Young Viscount Tony Pym wangles National Service leave on the pretext of standing as a Tory candidate for a local seat held by his family for generations. The request is a feeble excuse to enable Pym to marry his wealthy American fiancee while she’s still in England, but his masterplan backfires when he finds himself swept into an election  campaign and beaten by Labour’s Mr Cleghorn – who is then made a peer. In an attempt to save face, Pym decides to stand again – as a socialist. It all proves too much for the Pyms’ loyal, true-blue butler, Mr Beecham…

David Tomlinson

But despite his image as a happy-go-lucky gentleman, David Tomlinson’s personal story was plagued by misfortune – including a tragic murder-suicide.

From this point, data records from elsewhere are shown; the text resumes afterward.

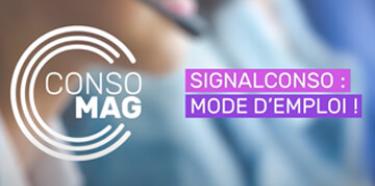 Signal Conso : mode d'emploi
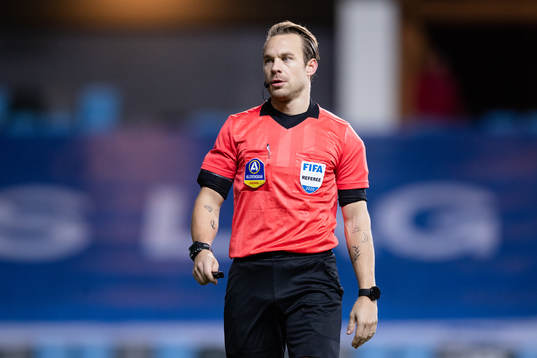Domare Kristoffer Karlsson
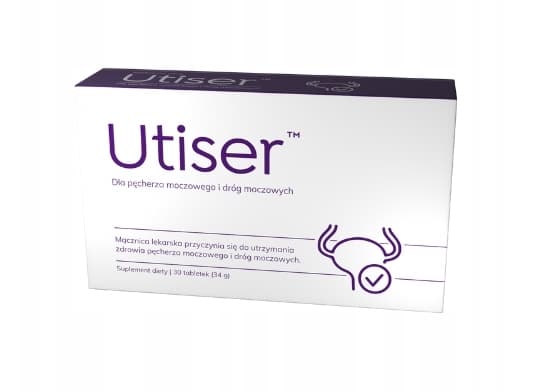 Utiser, 30 Tabletter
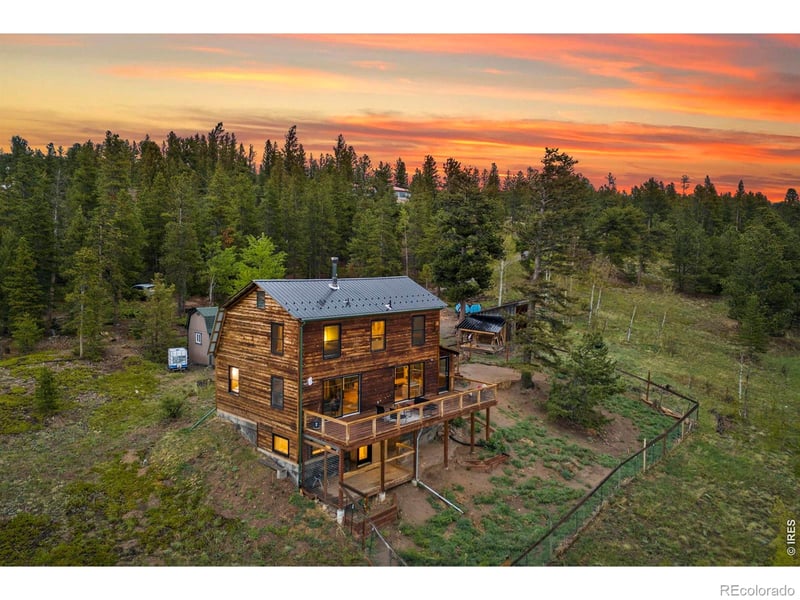 515 N Beaver Rd, Nederland, CO 80466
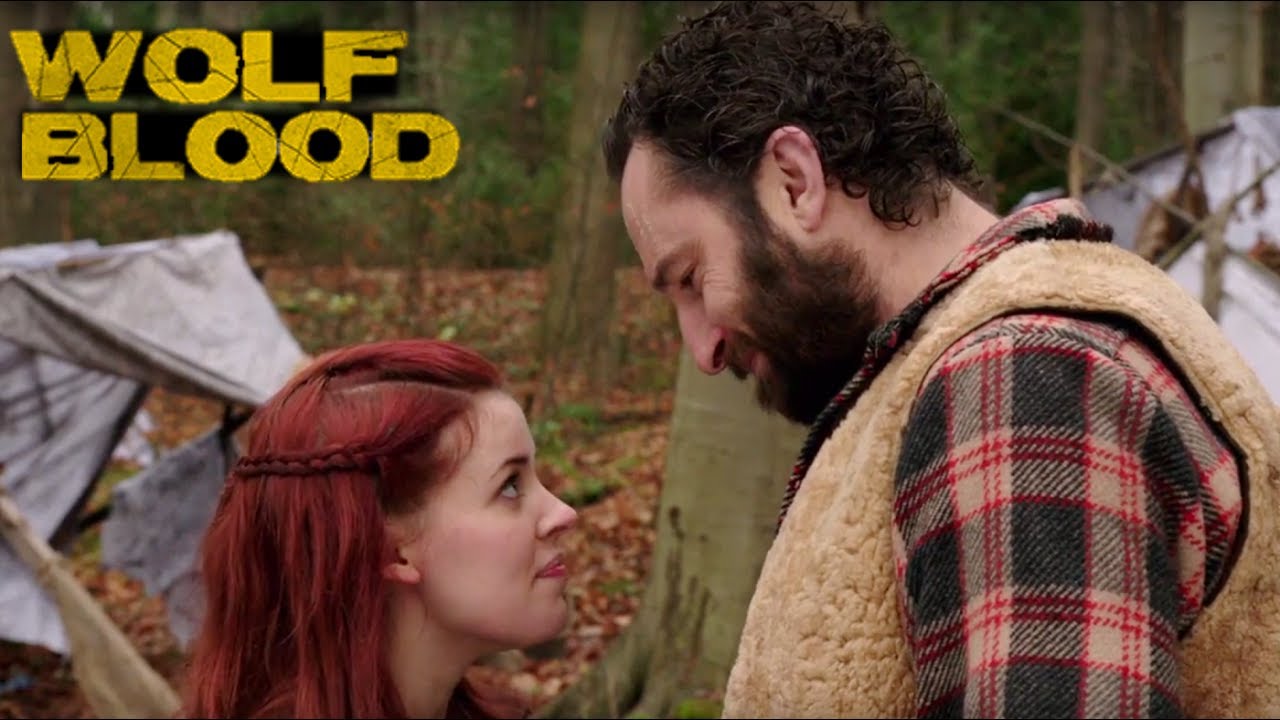 WOLFBLOOD S4E10 - The Wild At  Heart (full episode)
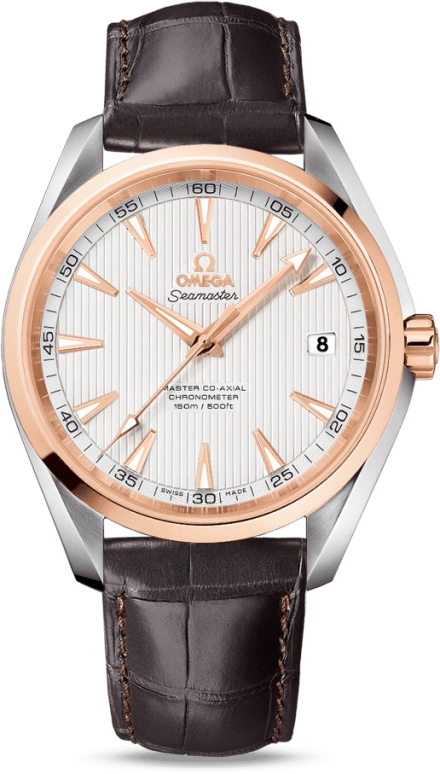 Omega Aqua Terra 231.23.42.21.02.001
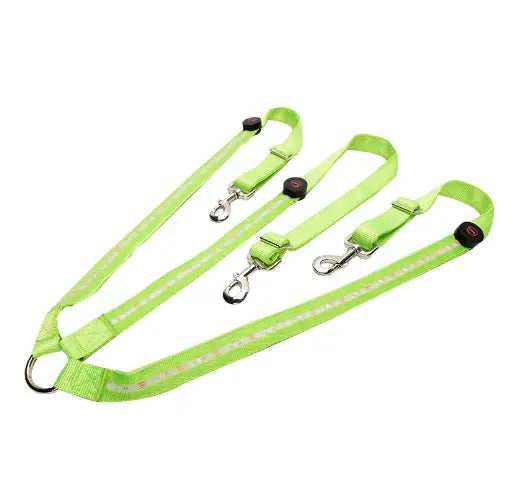 Nylon LED Horse Harness GLR SHOPPING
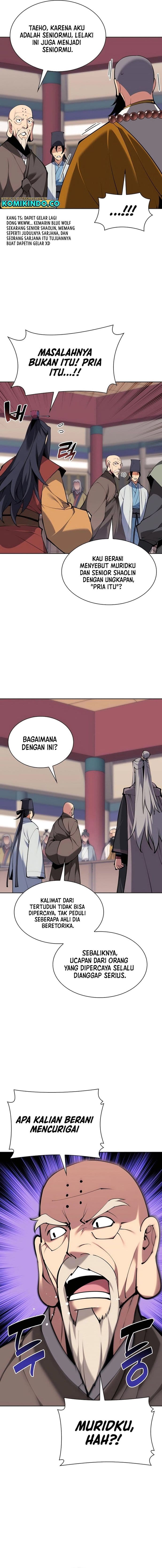 Records Of The Swordsman Scholar - Chapter 129 - Page 8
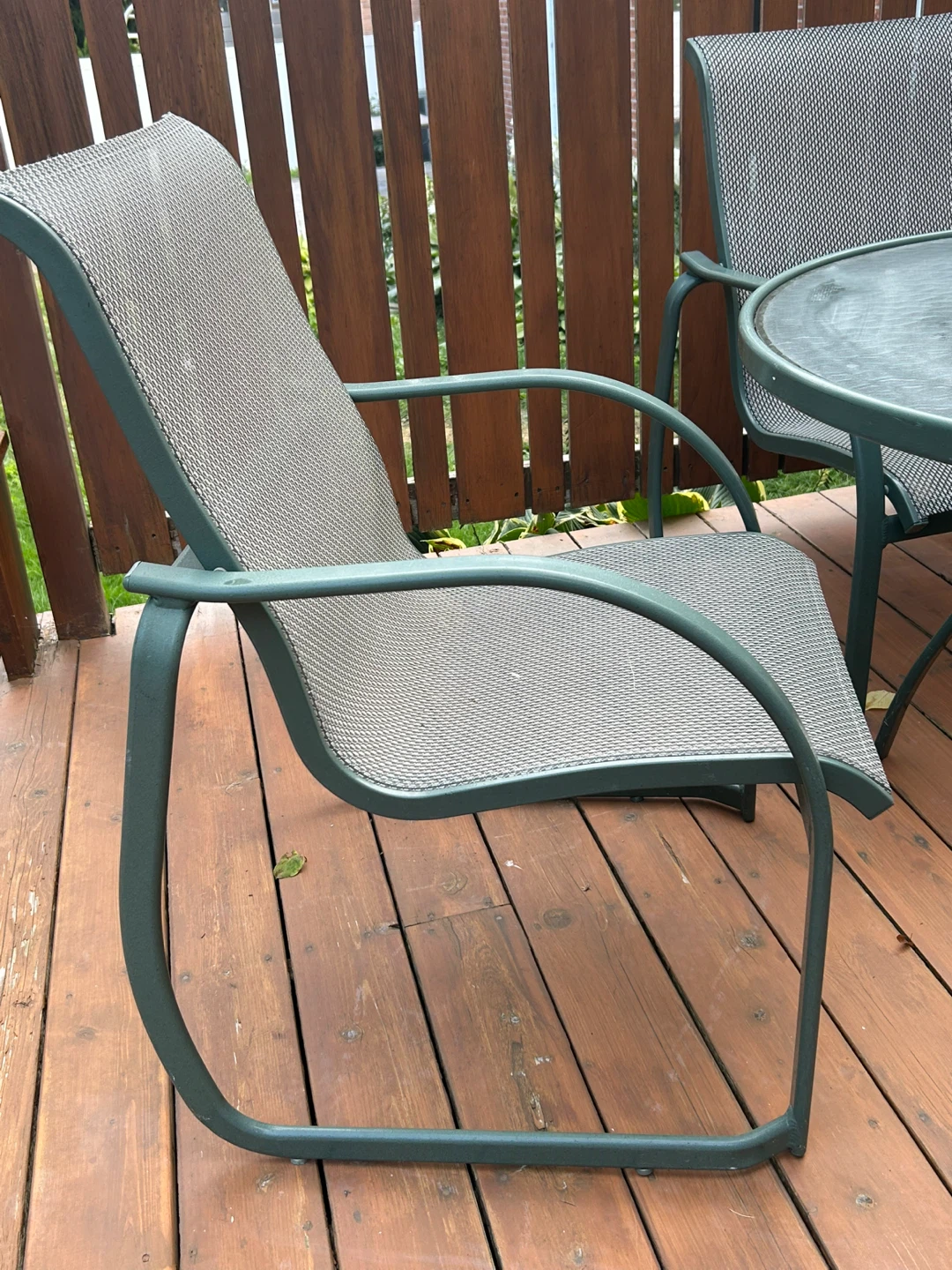 Outdoor Patio Set - photo 2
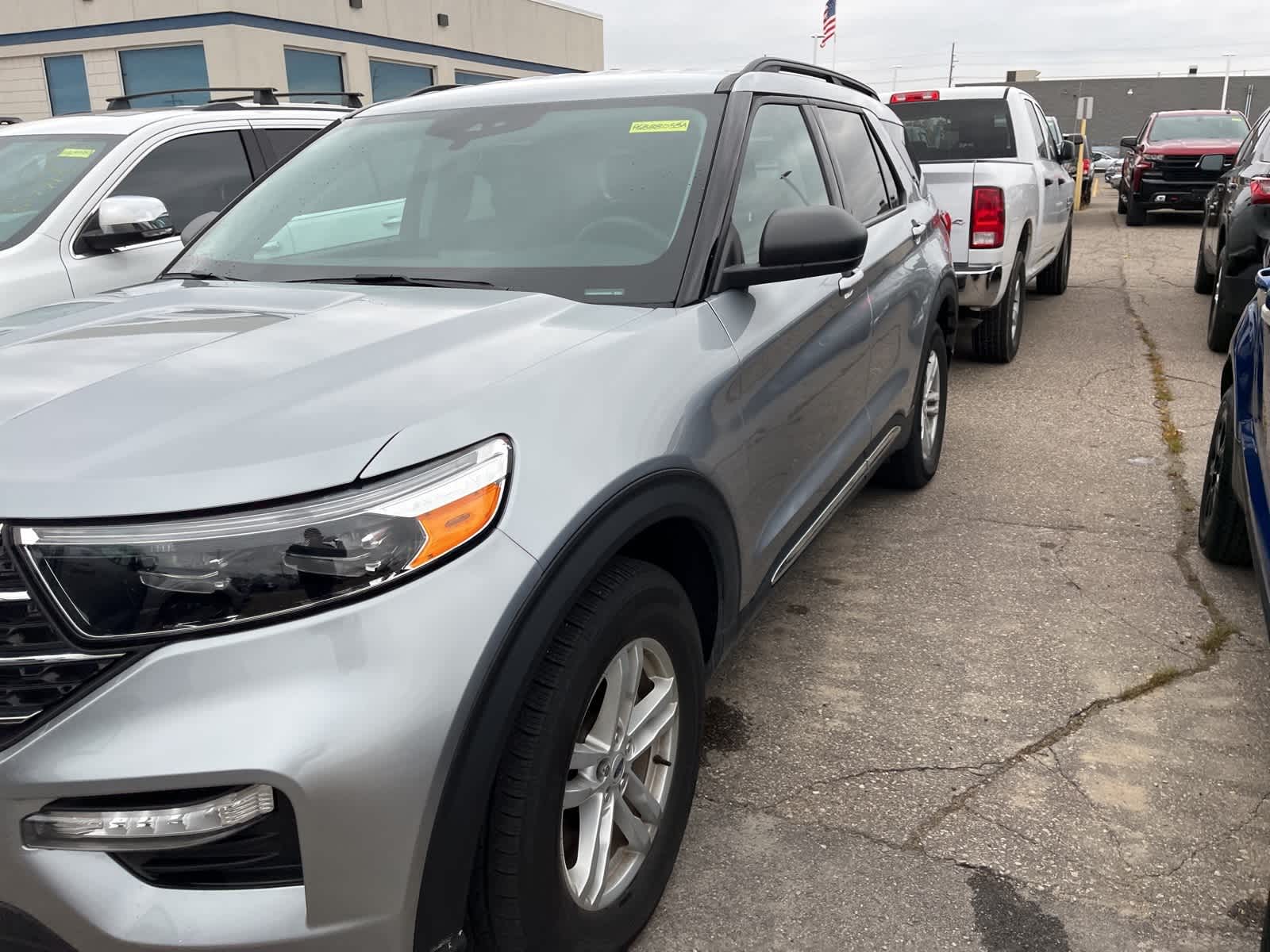 Thumbnail: 2023 Ford Explorer - 5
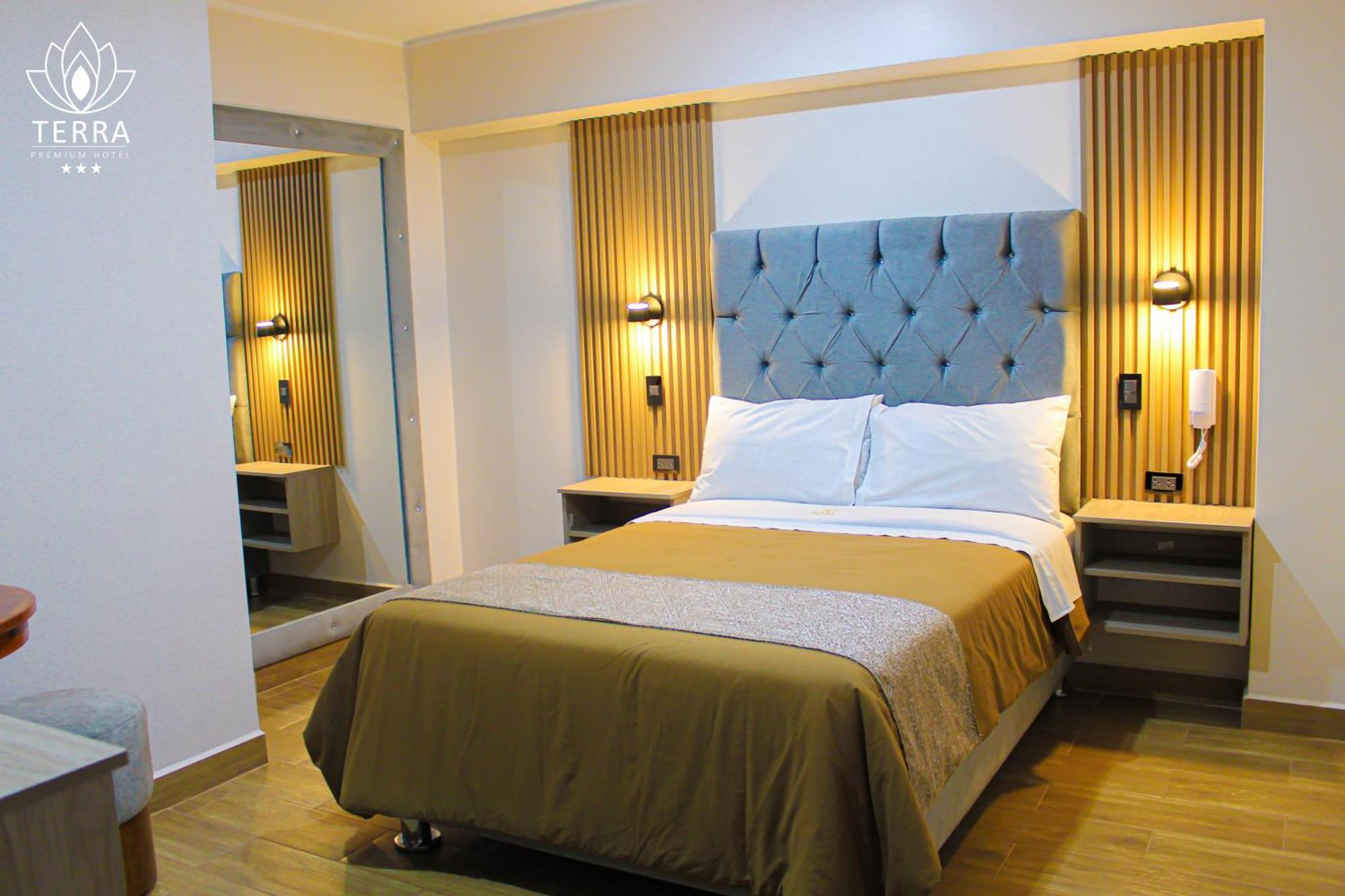 Terra Premium Hotel Huánuco Buitenkant foto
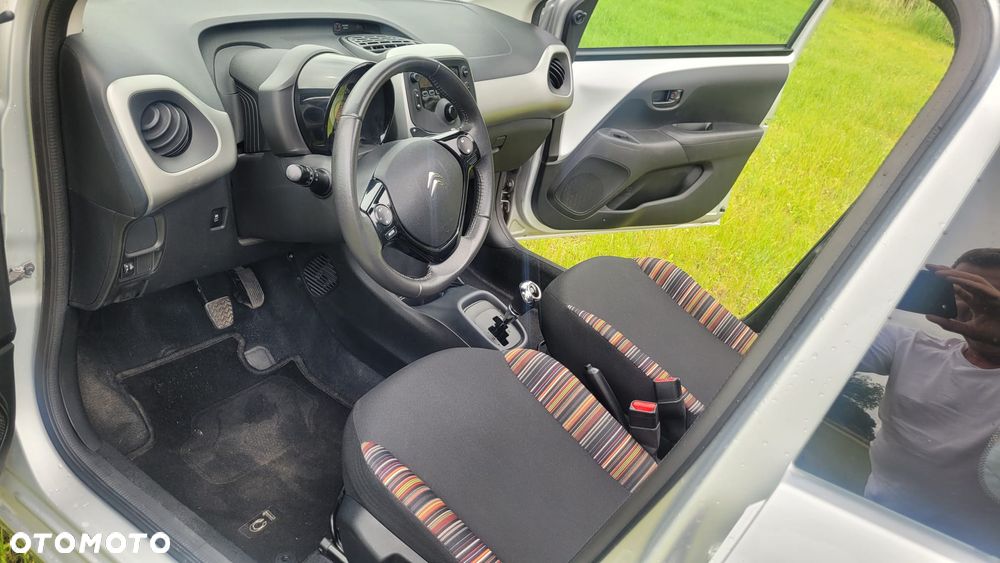 Citroën C1 VTi 68 ETG Shine - 37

Born in May 1917 and raised in the middle-class surroundings of Folkestone, Tomlinson – known as DT to friends – left school at 15 and took a job in accounting, before trying his luck as an actor.

“It was a profession that required no qualification of any kind,” he reminisced. “It is a very attractive way of spending one’s life.” Although his parents detested his fickle choice of career, David adored the life of a wandering actor, often lodging in shabby theatrical boarding houses piped with lukewarm water and lumpy beds.

His favourite story was of an old landlady telling him of the kindness of her previous guest. “Do you know,” she explained, “that man went out on Saturday night, met a sailor who had nowhere to stay and let him share his bed.”

When the Second World War interrupted his career, he was posted to Canada as an RAF flight lieutenant and flying instructor. In 1943 in New York, he married socialite and heiress Mary Lindsay Hiddingh, whose husband had been killed in action, and became stepfather to her sons Michael, eight, and John, six. “She was the most beautiful woman I had ever seen,” he declared. “We were terribly in love.”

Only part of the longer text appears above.